# John Cena



## Master of Blades (Feb 17, 2003)

I'm sorry.....I was watching Smackdown and John Cena and his gimmick are the best I have seen for a long time. I hope he continues to do well and the WWE dont mess it up :asian: 

John Cena cussing Brock Lesnar in a freestyle:

"You jump around all day like you got potatoes in your crack....Thats a nice tatoo of your MOTHER on your back"

:rofl:


----------



## Shinobi (Feb 17, 2003)

Cena is pretty cool and very talented.


----------



## jfarnsworth (Feb 19, 2003)

I've never heard of the guy. I guess I should get back to watching again.


----------



## Shinobi (Feb 19, 2003)

Cool grasshopper. Tune in tomorrow night, he'll be the one dressed like PN News and rapping.


----------



## Kenpo Wolf (Feb 20, 2003)

I though he was cooler before they gave him the BS rapper gimmick.
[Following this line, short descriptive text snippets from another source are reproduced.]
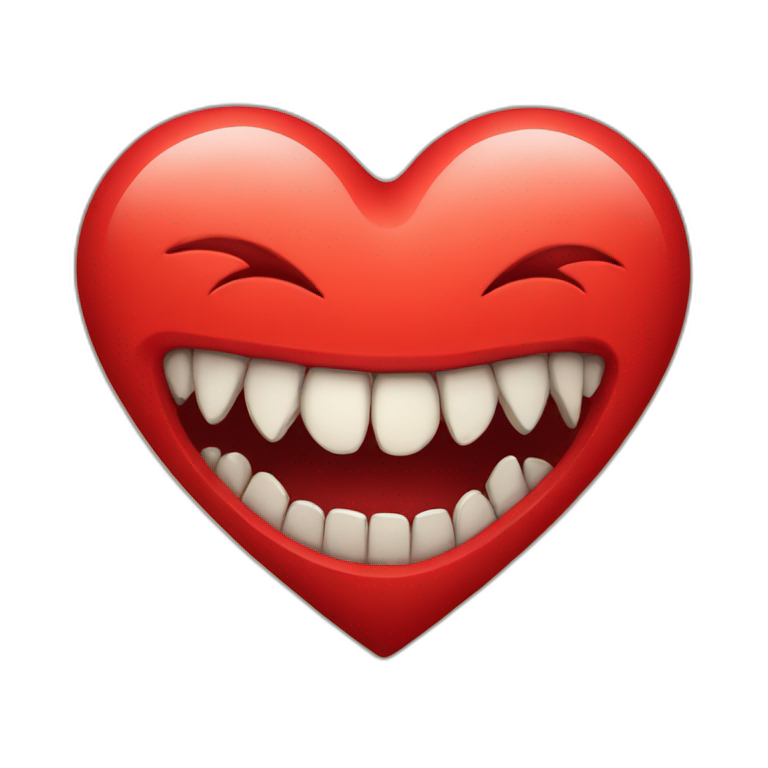 red heart with sharp teeth emoji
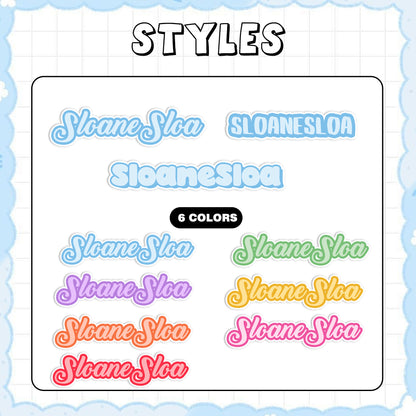 Personalized Colorful Text Name Stickers – Custom Stationery Back to School Gift
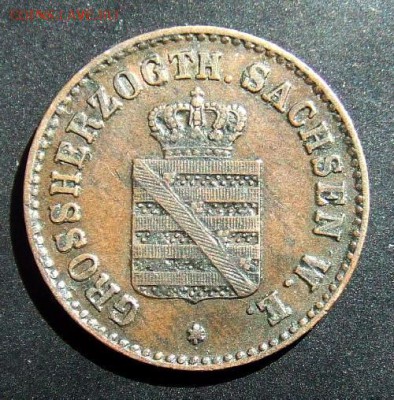2 - Германия (Саксен-Веймар-Эйзенах) 2 пфеннига (1865 А) А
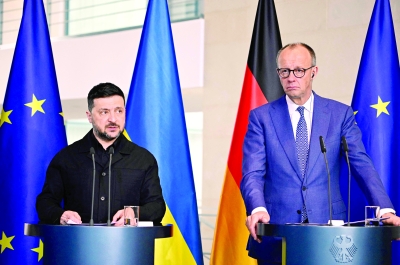 زيلينسكي في برلين:لا نحتاج إلى نسخة مخففة من عضوية "الاتحاد الأوروبي وحلف الناتو"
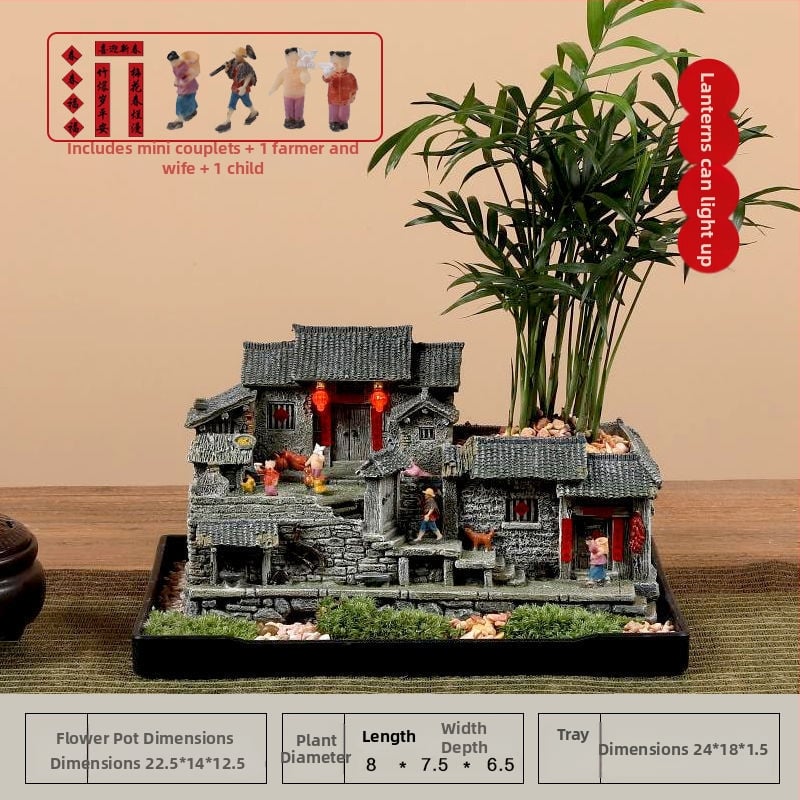 Mechový mikrolandschaft model starého domu z živice, stolová ozdoba pre bonsai, moderný čínsky štýl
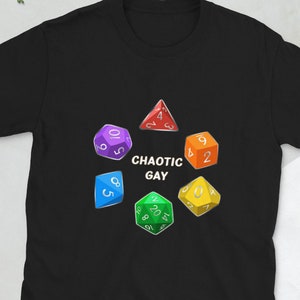 Chaotic Gay Dungeons and Dragons Short-Sleeve Unisex T-Shirt | Rainbow Dice D&D Shirt | DnD Gay Pride Nerd Tee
It's just like the idiots at WWF to take talented new wrestlers like JC and the guys in 'Team Angle, I can't recall their names at this time but they are good, and turn them into jokes with stupid gimmicks.


----------



## Shinobi (Feb 20, 2003)

WWE is all about the gimmicks


----------



## tarabos (Mar 4, 2003)

what's up with Cena though? anyone ever notice that he doesn't seem to be proportioned right? his shins and forearms seem to be too short for his body...never heard of steriods doing that to you...


----------



## Master of Blades (Mar 4, 2003)

> _Originally posted by tarabos _
> *what's up with Cena though? anyone ever notice that he doesn't seem to be proportioned right? his shins and forearms seem to be too short for his body...never heard of steriods doing that to you... *



Hes a little over proportioned.....I noticed that too. But who cares.....hes a wicked rapper! :rofl:


----------